Breastworld is narrated by Colbert. Asia O'Hara's character Para Salin is inspired by American politician Sarah Palin. Randy Rainbow makes a guest appearance at the end of Breastworld.

Laith Ashley is among members of the Pit Crew in the episode.

During the lip-sync contest, the performers do splits simultaneously.

=== Fashion ===
The fashion show's runway category ("Silver Foxy") tasks the contestants with presenting how they will look in 50 years. Miz Cracker has a knee-length dress with thick black glasses and a blonde wig. Asia O'Hara's outfit is green, red, and yellow. She has blonde braids and she eats potato chips from a bowl. Monét X Change has a gold outfit with a patient gown. She has sagging breasts and a short wig. Aquaria has a tan outfit, a long blonde wig, tattoos, and extended earlobes. Eureka has a purple outfit with a coat, as well as glasses and a blonde wig.

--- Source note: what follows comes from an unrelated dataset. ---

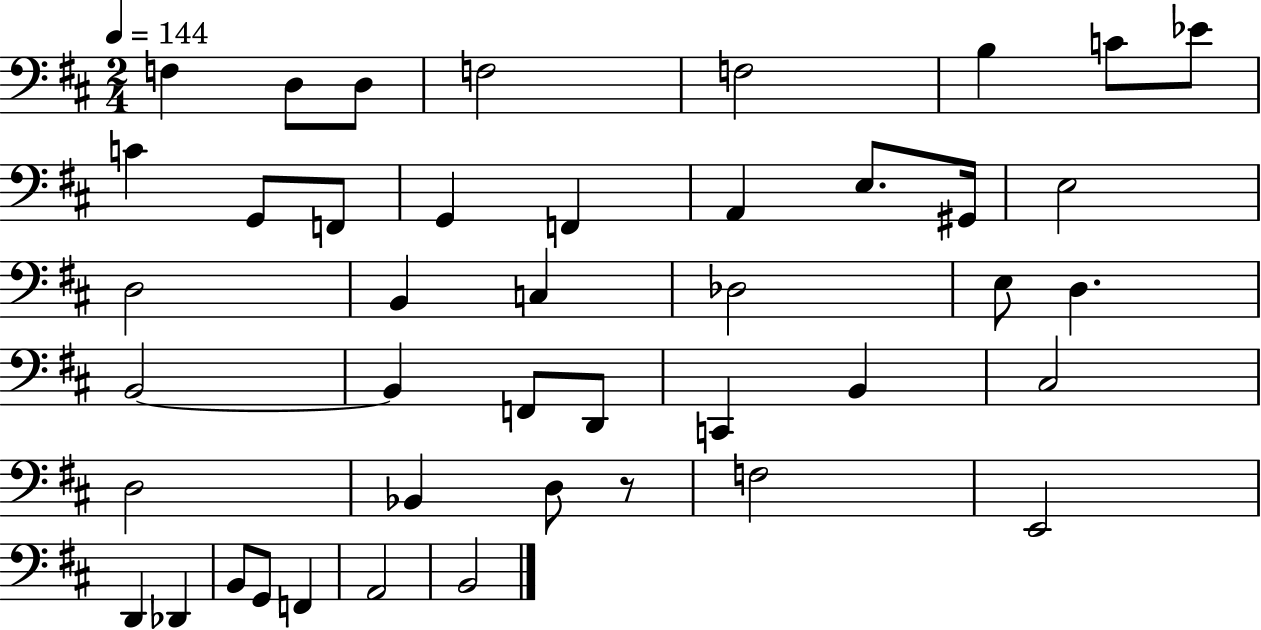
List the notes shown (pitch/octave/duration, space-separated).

F3/q D3/e D3/e F3/h F3/h B3/q C4/e Eb4/e C4/q G2/e F2/e G2/q F2/q A2/q E3/e. G#2/s E3/h D3/h B2/q C3/q Db3/h E3/e D3/q. B2/h B2/q F2/e D2/e C2/q B2/q C#3/h D3/h Bb2/q D3/e R/e F3/h E2/h D2/q Db2/q B2/e G2/e F2/q A2/h B2/h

Kameron Michaels has a black-and-gold outfit, glasses, and a blonde wig. She takes medicine from a pill organizer to become energized.

== Reception ==
Oliver Sava of The A.V. Club gave the episode a rating of 'B-'. John Paul Brammer of the magazine Them called the lip-sync contest "electric" and "stunning". Brian Moylan of Vice News said both contestants "did a great job". Sam Brooks ranked the "New Atitude" performance number 74 in The Spinoffs 2019 "definitive ranking" of the show's 162 lip-sync contests to date, writing: "Sometimes all you need is two drag queens in old-age makeup dancing around. There's a pure, innocent joy in that." Stephen Daw selected the performance for the tenth season in Billboards 2024 list of the best lip-syncs from each of the show's main seasons.